What this task involves:
In your copy, drop the images and return each record exactly as it stands.

§ §

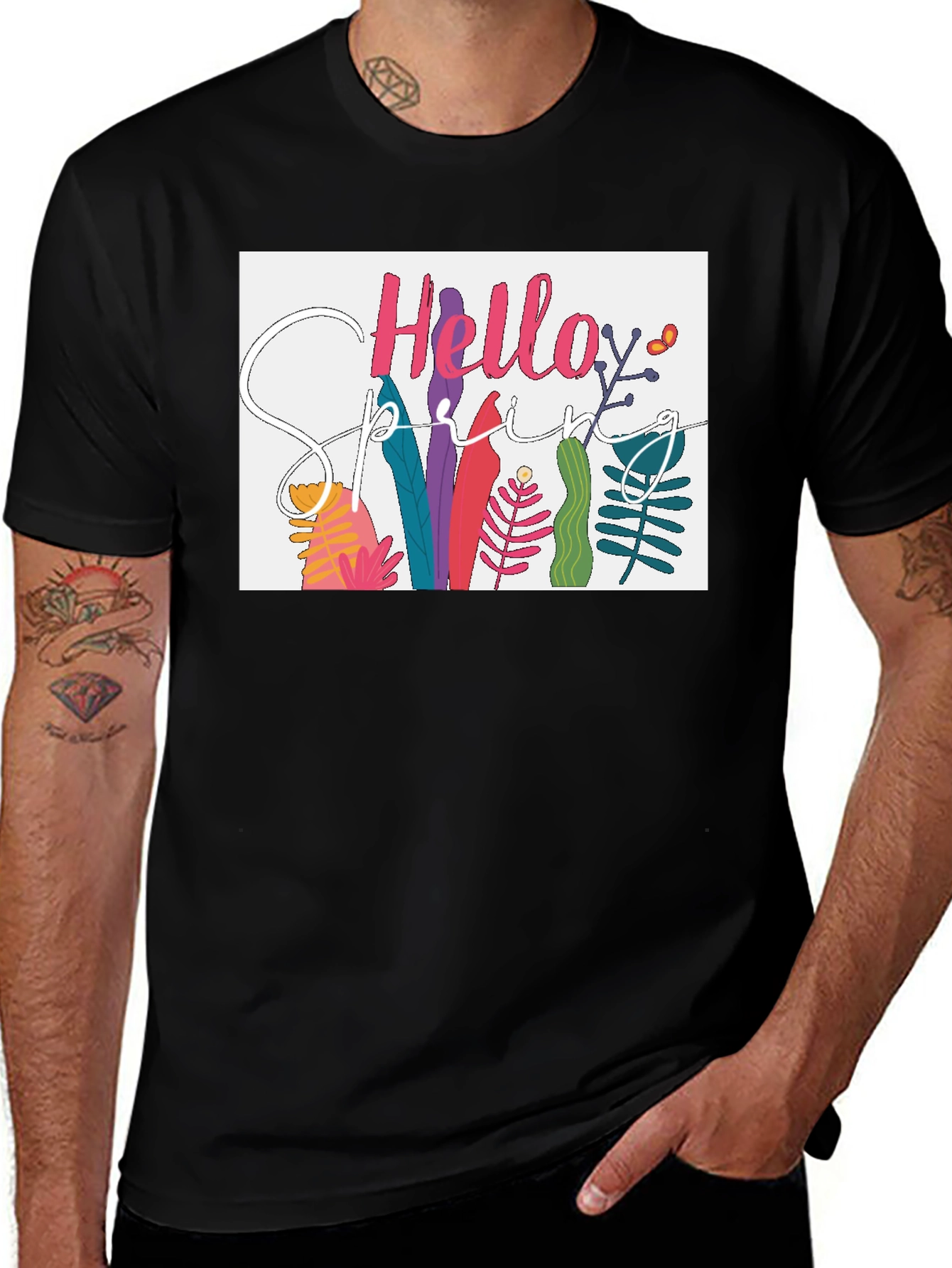 Variant 8 of Hello Spring Graphic Tee - Men's Black T-Shirt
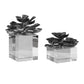 Indian Lotus - Metallic Flowers (Set of 2) - Silver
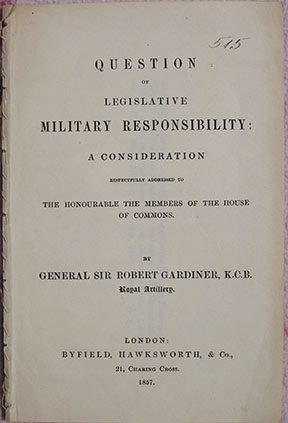 Question of Legislative Military Responsibility: A Consideration .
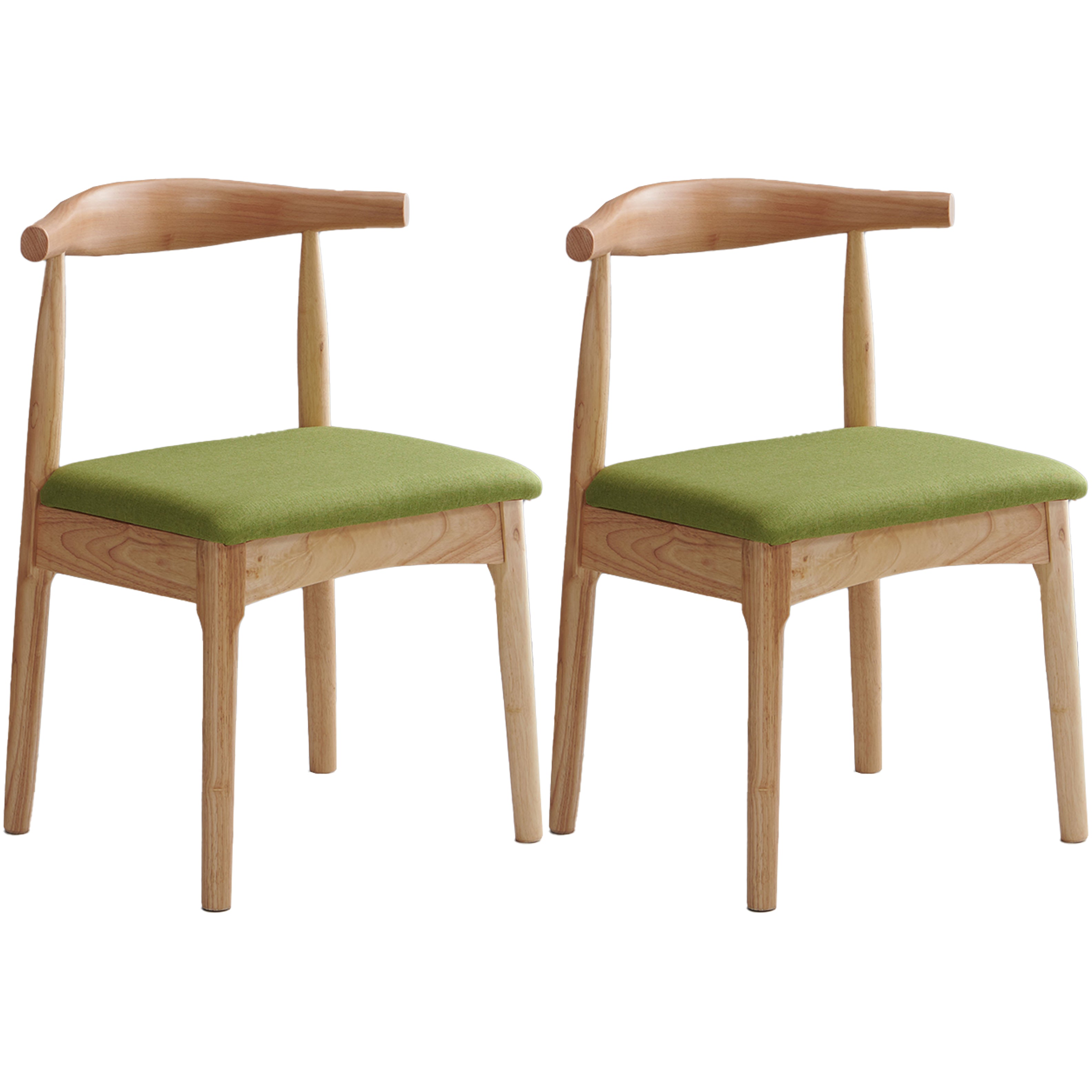 Scandinavian Dining Chair Open Back Side Chair with 4 Wood Legs for Home Use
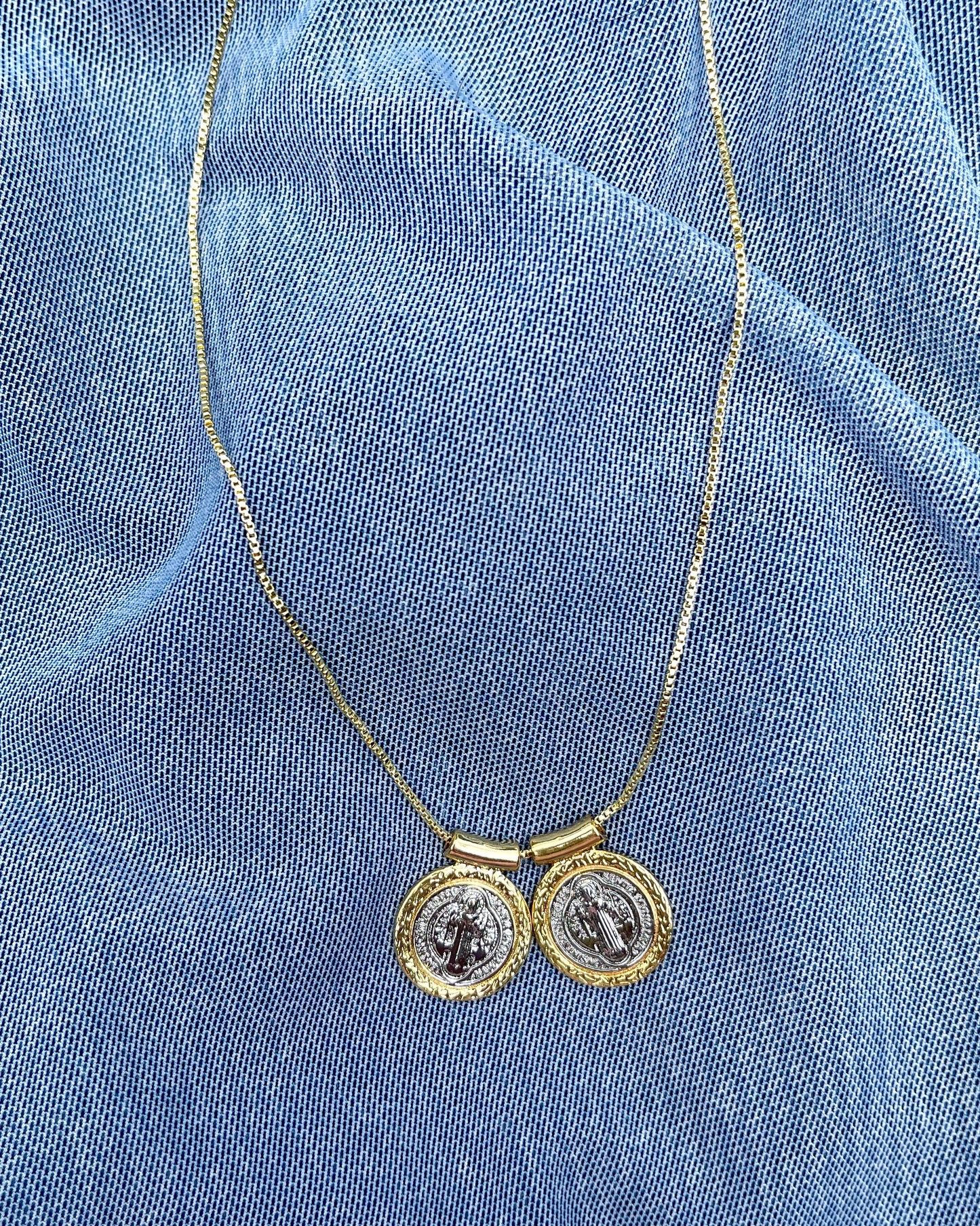 Escapulario San Benito — Two Tone Necklace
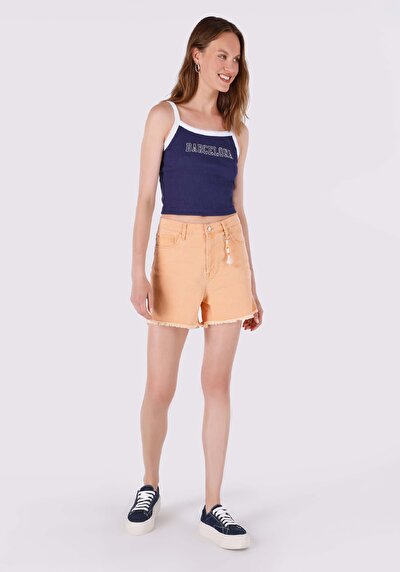 صورة من أمي قصيرة عالية الخصر نسائي برتقالي فاتح جان شورت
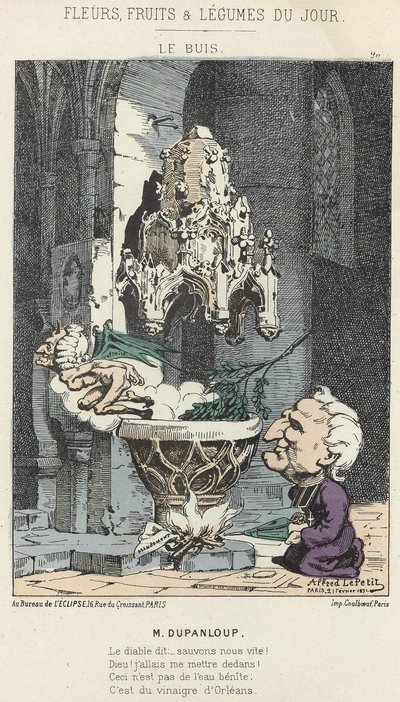Le Boxis: Cartoon on Dupanloup - nemocný. od 21.2.1871 v „Květiny, ovoce a zelenina dne“ od Alfred Le Petit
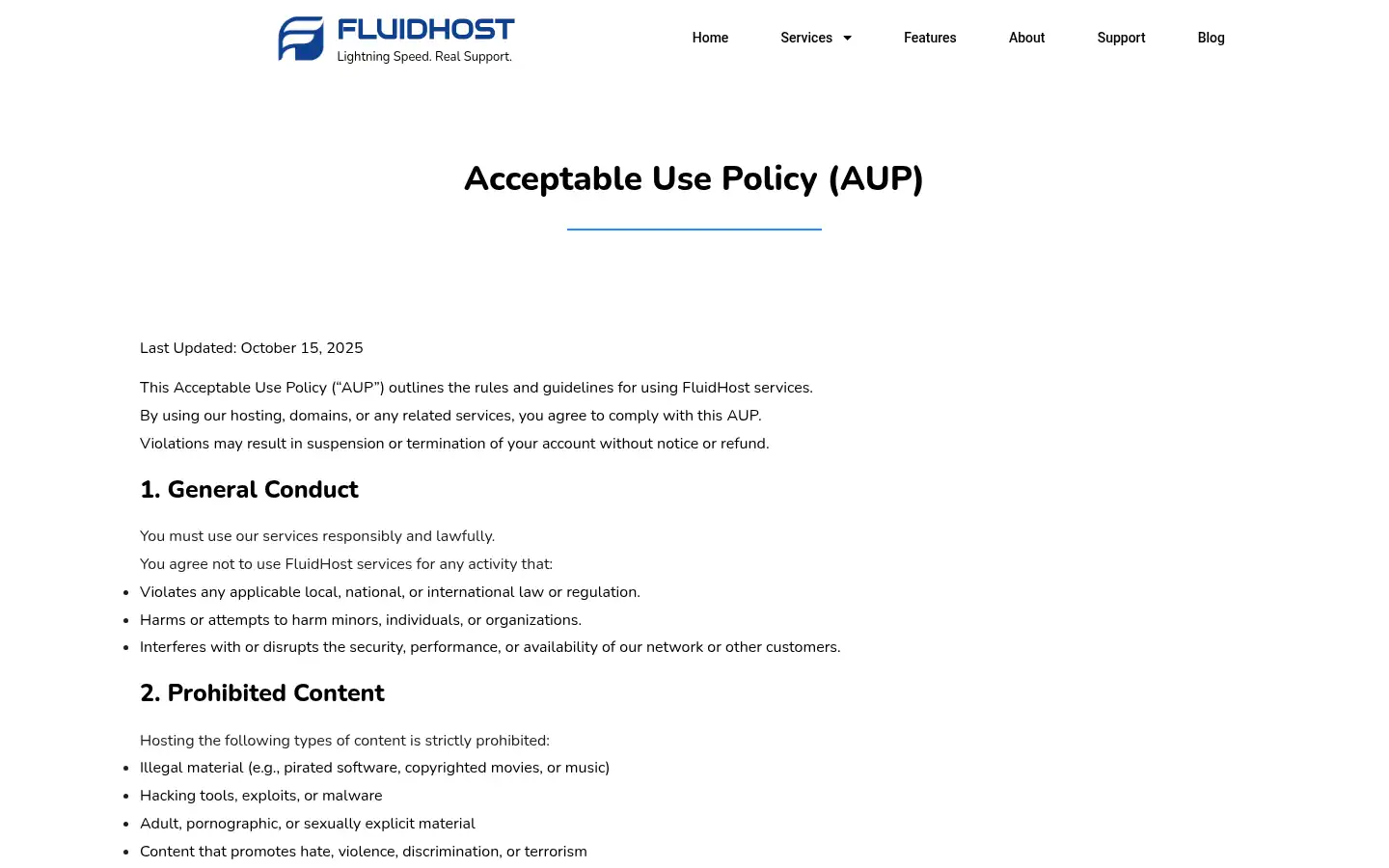 Screenshot of fluidhost.com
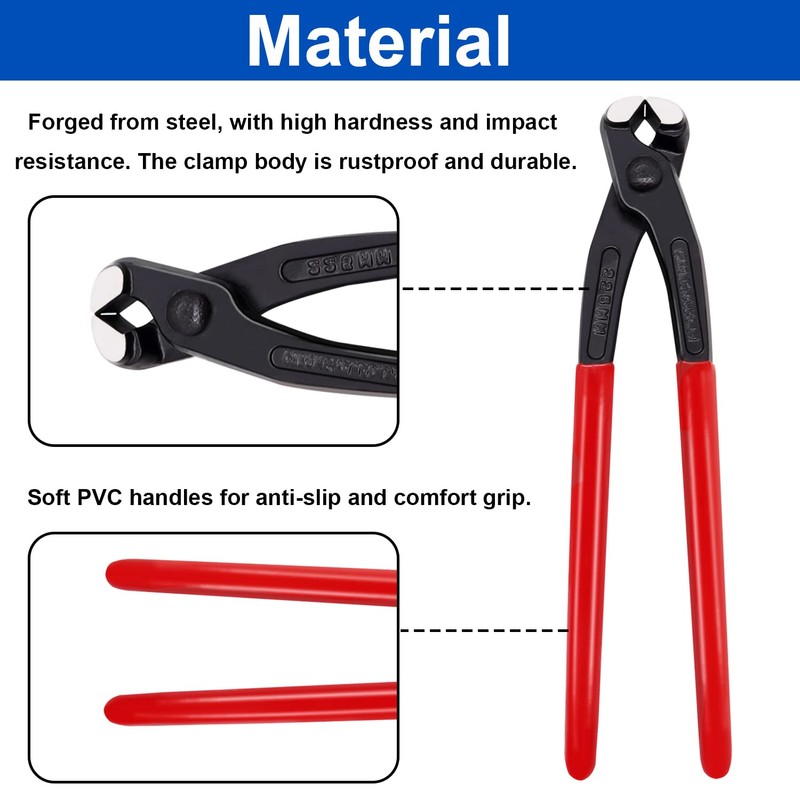 Tnisesm Ear Clamp Pliers 9 inch, Hose Clamp Crimping Tool,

§ §

Solution:
 Variant 8 of Hello Spring Graphic Tee - Men's Black T-Shirt
 Indian Lotus - Metallic Flowers (Set of 2) - Silver
 Question of Legislative Military Responsibility: A Consideration .
 Scandinavian Dining Chair Open Back Side Chair with 4 Wood Legs for Home Use
 Escapulario San Benito — Two Tone Necklace
 صورة من أمي قصيرة عالية الخصر نسائي برتقالي فاتح جان شورت
Le Boxis: Cartoon on Dupanloup - nemocný. od 21.2.1871 v „Květiny, ovoce a zelenina dne“ od Alfred Le Petit
 Screenshot of fluidhost.com
 Tnisesm Ear Clamp Pliers 9 inch, Hose Clamp Crimping Tool,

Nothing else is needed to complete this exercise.